The sections completed in the past 12 months include:

  • Section 74, designated in the Guyana Index as “Guest Book,” consists of 34 pages of entries with the names of 413 people who visited Jonestown during 1978. Most are of local residents, from Port Kaituma (seven miles away), Matthews Ridge (approximately 29 miles away), and other locations in the Northwest District.  There are also a number of visitors from Georgetown and its suburbs, many of whom represented agencies of the Guyana government, including nearly 50 visitors on April 24 from the Burnham Agricultural Institute.
  • Section 77, consisting of 199 pages of “Administrative Functions,” includes numerous records of Peoples Rallies in Jonestown during the summer of 1978, as well as charts listing counseling and governing boards within the community, as well as descriptions of the functions of those committees. Many of the documents in this section were transcribed by Alexandra Prince, a professor of Religious Studies at Skidmore College.
  • Section 86, labeled “Social Security & Pensions,” is a 272-page listing of beneficiaries of retirement income – Social Security payments, Veterans Administration benefits, pensions and annuities – as well as intermittent payments made by insurance companies and banks.
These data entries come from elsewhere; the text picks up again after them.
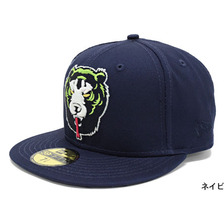 MISHKA &times; NEW ERA Death Adder Fitted Cap SM151705E画像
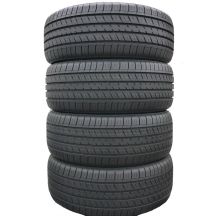 4 x DUNLOP 215/50 R17 91V Enasave Ec300 Lato 2020 Nieużywane Jak Nowe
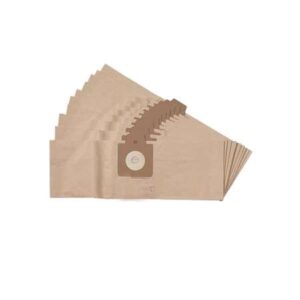 Sacs aspirateur KARCHER 6903336 - Lot de 10 sacs en Papier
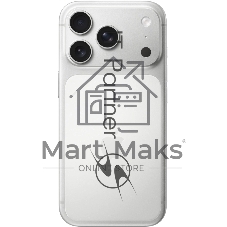 Смартфон Apple iPhone 17 Pro A3523 12/256Gb, серебристый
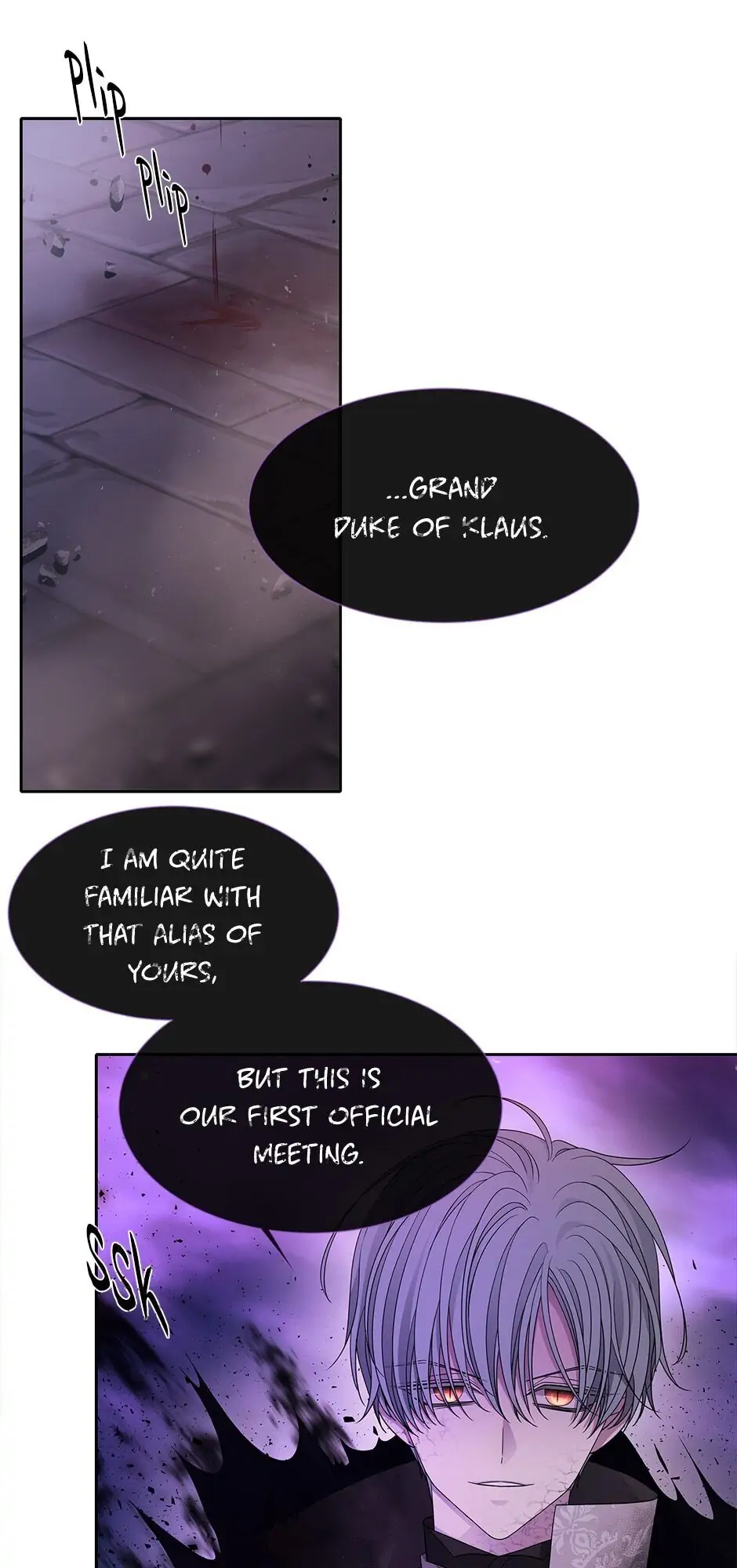Charlotte Has Five Disciples Chapter 110 page 22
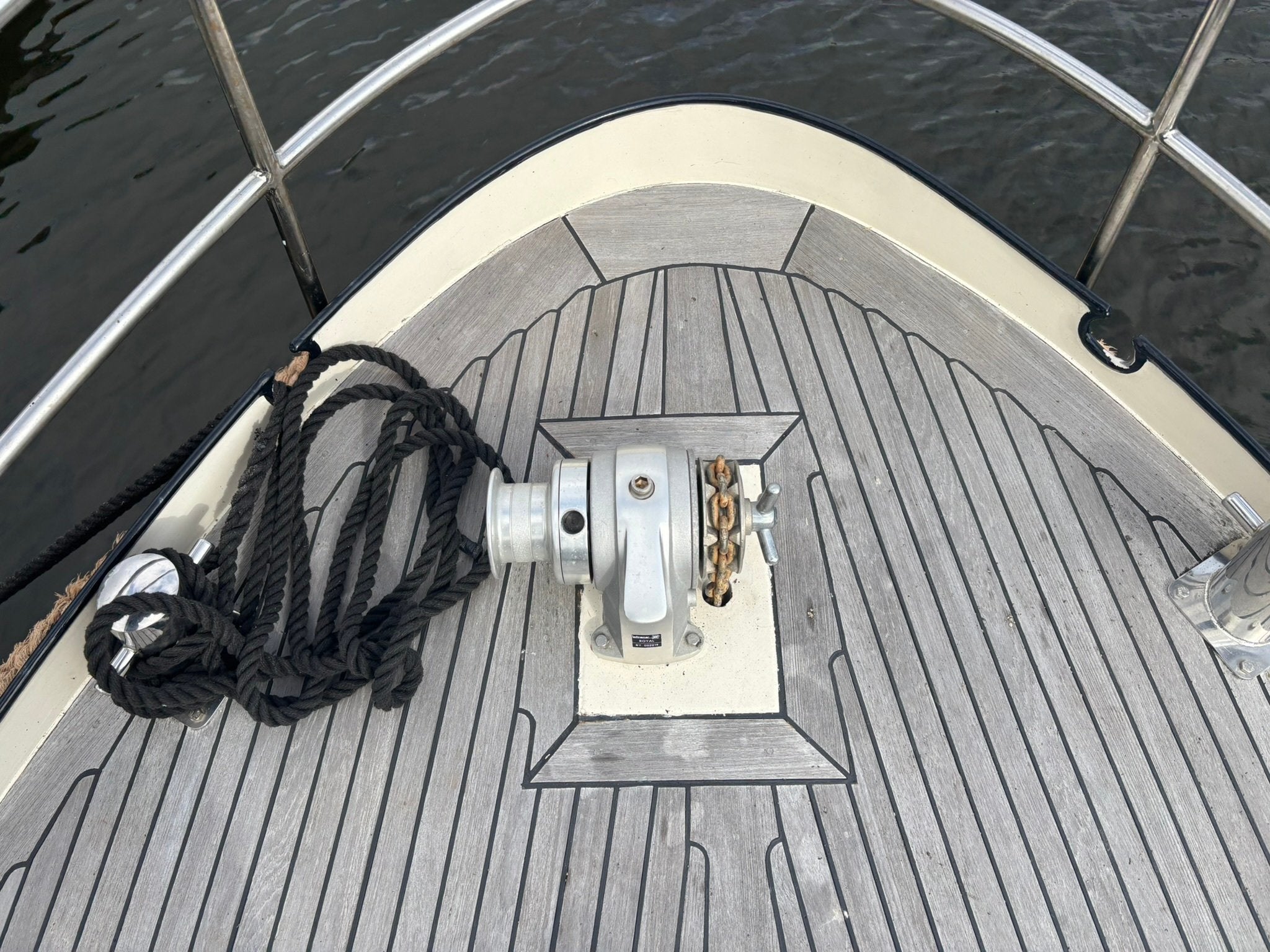 Valkvlet 11.90 OK/AK, Watersport en Boten, Overige merken, Binnenboordmotor, Diesel, 4 m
There is also a 14-page listing described as Peoples Temple Mail Income with upwards of 400 names, all but a handful comprising members of the Temple who did not go to Jonestown.
  • Section 92 and Section 93 combine for 129 pages listed as “Informant tapes & photos.” They consist of reports made by Temple members in the U.S. – mostly in Los Angeles – describing their interactions with the police. Indeed, it should be noted that the term “Police informant” is these pages does not apply to the usual reference – that is, it does not refer to anyone who provides information to the police, but rather refers to people within Peoples Temple who have made calls to the police to reports criminal acts that they have been party to or witnessed. A third section with the “Informant tapes & photos” designation – Section 94 – consists of photocopies of photographs taken by Jonestown residents. Higher quality copies of these photographs appears throughout the albums on the Peoples Temple Flickr site.
  • There are three pages in Section 95 labeled as “Letters to PT.” The pages are of correspondence addressed to Temple leaders from government officials.
  • Section 112 comprises 16 pages of immigration documents – passport applications, letters of reference, and visa applications – and a two-page application to immigrate into Guyana relating to Jonestown survivor Philip Blakey.
  • Section 113 is the second of two folders labeled as “Terri Buford” – the other is at Section 97 – which consists principally of letters and reports written by the Temple leader who left the group in the fall of 1978. There are also numerous reports by another Temple leader, Jean Brown, also from the same period, many of them related to Buford. This 266-page section was transcribed and annotated by Cole Waterman.
  • The 308 pages in Section 116, labeled “Jim Jones,” include many of the Temple leader’s personal records – birth certificate, diplomas, teaching certificates – as well as transcripts of interviews with San Francisco radio stations prior to his departure for Guyana.
  • The FBI combined nine folders of Temple documents into three sections in its listings, Sections 118-120. The resulting document is 574 pages with the names of nine important figures in Peoples Temple’s history: Maria Katsaris; Carolyn Layton; Karen Layton; Larry Layton; Lisa Layton; Chris Lewis; Annie Moore; Mike Prokes; and Larry Schacht.
  • The FBI placed two folders of Temple documents into three sections, 121 through 123. The resulting document is 610 pages and includes documents relating to two Temple leaders, Tim Stoen and Deborah Touchette.
  • The folder labeled in the Guyana Indexas “EE-Letters to Dad” was big enough that the FBI broke it down into four sections, from 126-129. Section 126 – letters from people whose last name started from A through F – consists of 524 pages. They were transcribed by Cole Waterman.
  • The 484 pages of Section 130, labeled in the Guyana Indexas “Letters to Jim Jones,” consist mostly of letters and reports written by Jonestown residents.
  • The 319 pages of Section 136, labeled “Sworn Affidavits,” consist mostly of documents on the Stoen custody battle, healing testimonials, and statements critical of Temple enemies.
  • Section 144, comprising 115 pages, document the 1978 battle between Peoples Temple and the Concerned Relatives organization.